Poor nutrition can also lead to obesity, which affects 40 million children under 5 globally, the joint child malnutrition estimates say.

“Without increased efforts, the world will fall far short of achieving the SDG target of eradicating hunger by 2030,” the Food and Agriculture Organization of the United Nations said in its September report, referring to the sustainable development goal set by the U.N.

While efforts at the community level may seem insignificant next to such daunting problems, Hart believes that every individual action like the ones made by the volunteers at Christ Church last week makes a difference.

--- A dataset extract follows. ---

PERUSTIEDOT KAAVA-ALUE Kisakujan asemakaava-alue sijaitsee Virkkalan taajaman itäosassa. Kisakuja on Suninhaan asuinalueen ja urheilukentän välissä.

“Nothing is going to happen if we don’t do something about it, and I think the important thing that communities can see with this event is that there is something that they can do about it,” Hart said. “It might feel like half a world away, but there is something that they can do in their backyard that can help those around the world.”

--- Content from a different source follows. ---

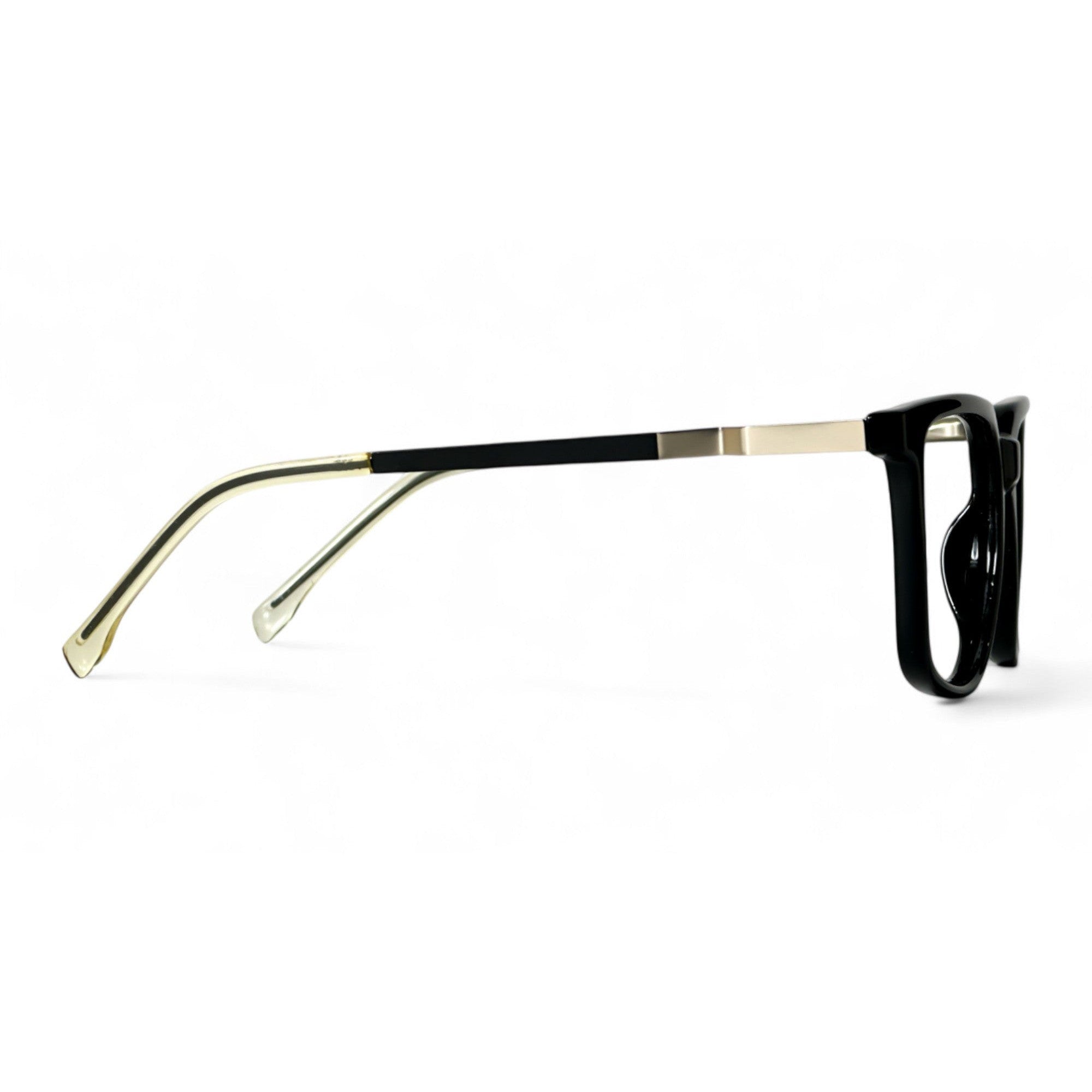 Lunorix Black Rectangle Eyeglasses folded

Volunteer Ipsita Salim first heard about Rise Against Hunger through the All Dulles Area Muslim Society Center in Sterling. Since then, she has participated in three or four packing events organized by the nonprofit in the area.

She sees meal packing as more than just providing food for a child or family.

With food, children can concentrate more fully on their education and have a better quality of life, and by supporting local agricultural and income-generating initiatives, Rise Against Hunger helps provide people with tools and resources that they can use to support themselves long-term.

She also argues that service activities like the Together We Rise Against Hunger packing event benefit volunteers as well as the recipients of their aid.

“It helps people of different communities and backgrounds come together and work together toward a common goal,” Salim said. “It helps us establish those bonds and really see each other as individuals and not just certain demographics. The kids…get involved, so it instills that sense of giving back very early on, which I think is also very important.”